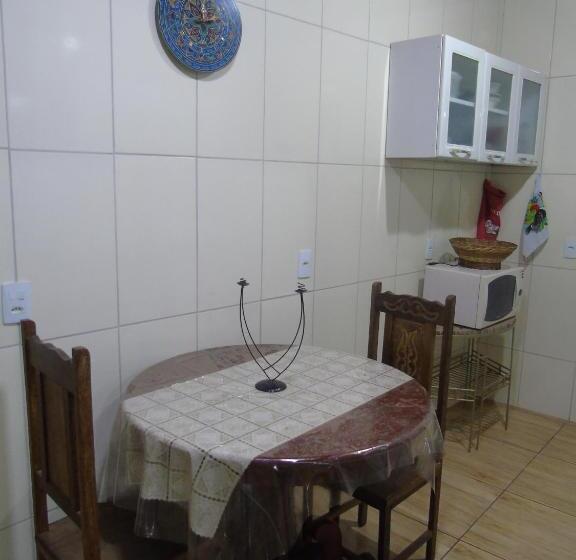 シティビュースイート, Pousada Excalibur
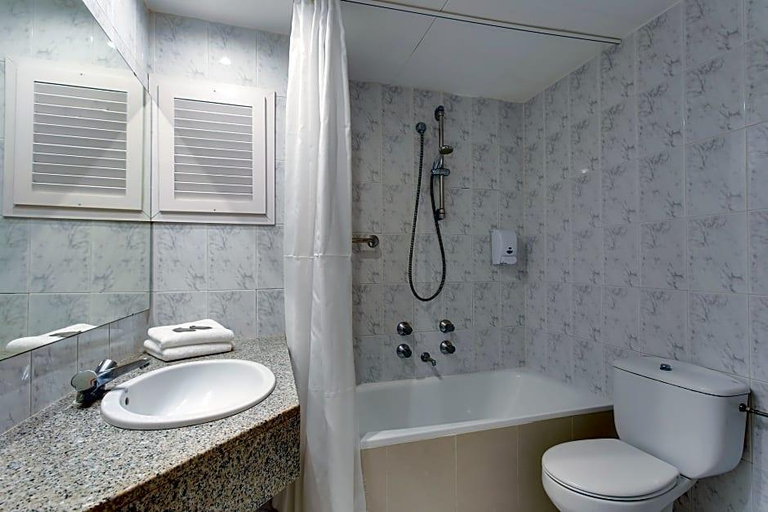 Bathroom, Garbi Park Lloret Hotel, Girona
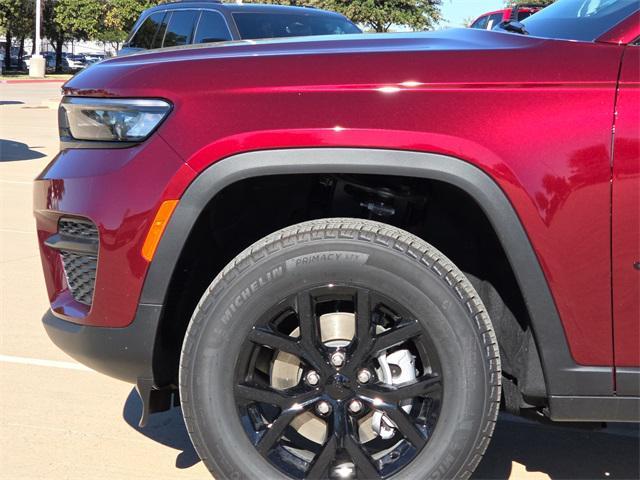 new 2025 Jeep Grand Cherokee car, priced at $33,646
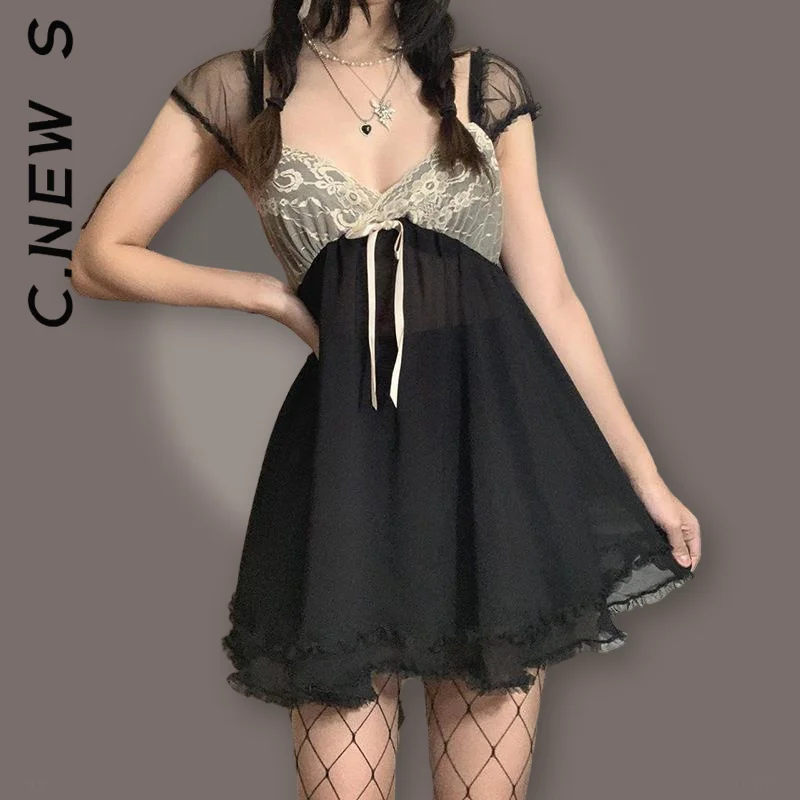 Женское шифоновое платье составного кроя с квадратным вырезом |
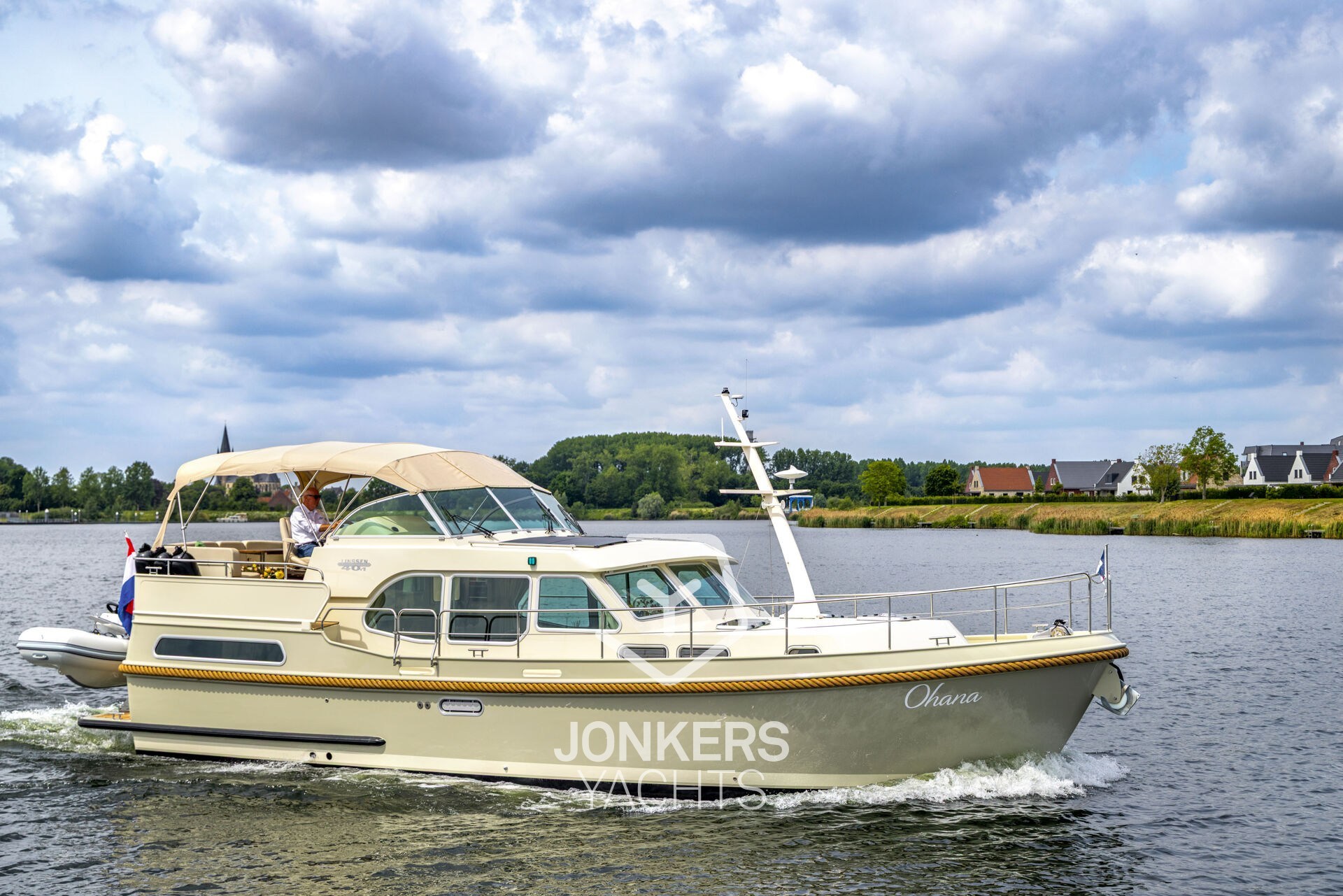 [E]Linssen-Grand-Sturdy-40-1-AC-3983-076.jpg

(What is needed) The lines to copy run from the one with "Bathroom, Garbi Park Lloret Hotel, Girona" through the end of the material. Write them out exactly, leaving out the pictures.

(The answer)
 Bathroom, Garbi Park Lloret Hotel, Girona
 new 2025 Jeep Grand Cherokee car, priced at $33,646
 Женское шифоновое платье составного кроя с квадратным вырезом |
 [E]Linssen-Grand-Sturdy-40-1-AC-3983-076.jpg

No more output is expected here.